(Short web captions)

--- --- ---

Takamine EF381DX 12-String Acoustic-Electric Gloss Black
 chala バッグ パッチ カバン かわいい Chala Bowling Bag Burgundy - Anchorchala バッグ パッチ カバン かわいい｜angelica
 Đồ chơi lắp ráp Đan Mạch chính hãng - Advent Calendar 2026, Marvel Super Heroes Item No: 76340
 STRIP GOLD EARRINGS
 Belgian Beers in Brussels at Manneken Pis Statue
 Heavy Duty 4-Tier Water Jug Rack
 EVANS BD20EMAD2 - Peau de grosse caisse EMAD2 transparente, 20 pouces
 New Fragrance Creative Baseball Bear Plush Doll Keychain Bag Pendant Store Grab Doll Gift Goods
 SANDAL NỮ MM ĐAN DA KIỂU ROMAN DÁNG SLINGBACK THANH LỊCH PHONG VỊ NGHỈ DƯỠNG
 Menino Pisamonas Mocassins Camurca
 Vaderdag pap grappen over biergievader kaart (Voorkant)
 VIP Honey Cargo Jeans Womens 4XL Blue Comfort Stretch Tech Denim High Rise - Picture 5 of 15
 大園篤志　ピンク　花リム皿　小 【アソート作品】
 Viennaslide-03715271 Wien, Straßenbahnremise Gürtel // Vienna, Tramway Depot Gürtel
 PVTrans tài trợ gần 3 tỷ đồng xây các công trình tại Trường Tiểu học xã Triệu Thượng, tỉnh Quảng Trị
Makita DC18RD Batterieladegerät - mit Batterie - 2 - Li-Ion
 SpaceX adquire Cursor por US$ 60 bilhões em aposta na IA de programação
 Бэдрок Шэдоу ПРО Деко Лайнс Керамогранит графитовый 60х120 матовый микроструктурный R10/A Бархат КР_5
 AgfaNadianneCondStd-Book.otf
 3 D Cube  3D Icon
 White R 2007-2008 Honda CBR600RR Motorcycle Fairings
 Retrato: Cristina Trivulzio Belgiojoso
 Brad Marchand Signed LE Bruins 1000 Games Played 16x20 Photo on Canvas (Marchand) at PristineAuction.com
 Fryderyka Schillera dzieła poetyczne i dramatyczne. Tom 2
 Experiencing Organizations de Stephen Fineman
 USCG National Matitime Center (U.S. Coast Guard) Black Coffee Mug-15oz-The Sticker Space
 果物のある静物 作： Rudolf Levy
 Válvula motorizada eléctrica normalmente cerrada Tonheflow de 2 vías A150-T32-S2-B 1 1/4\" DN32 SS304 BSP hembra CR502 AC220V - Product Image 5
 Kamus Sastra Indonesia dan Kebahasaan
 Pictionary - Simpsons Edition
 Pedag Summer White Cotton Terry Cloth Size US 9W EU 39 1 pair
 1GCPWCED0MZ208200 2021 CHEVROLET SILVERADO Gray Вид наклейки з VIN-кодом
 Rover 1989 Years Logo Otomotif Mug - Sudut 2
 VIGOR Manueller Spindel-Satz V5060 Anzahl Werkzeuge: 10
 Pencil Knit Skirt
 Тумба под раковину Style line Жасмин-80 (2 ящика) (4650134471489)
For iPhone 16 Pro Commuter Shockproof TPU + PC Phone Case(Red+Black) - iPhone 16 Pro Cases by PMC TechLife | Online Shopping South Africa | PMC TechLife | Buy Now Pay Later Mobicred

--- --- ---

- TASK TO CARRY OUT -
Wherever a line of the records above contains the string "White", copy that line out.

- FINISHED EXERCISE -
 White R 2007-2008 Honda CBR600RR Motorcycle Fairings
 Pedag Summer White Cotton Terry Cloth Size US 9W EU 39 1 pair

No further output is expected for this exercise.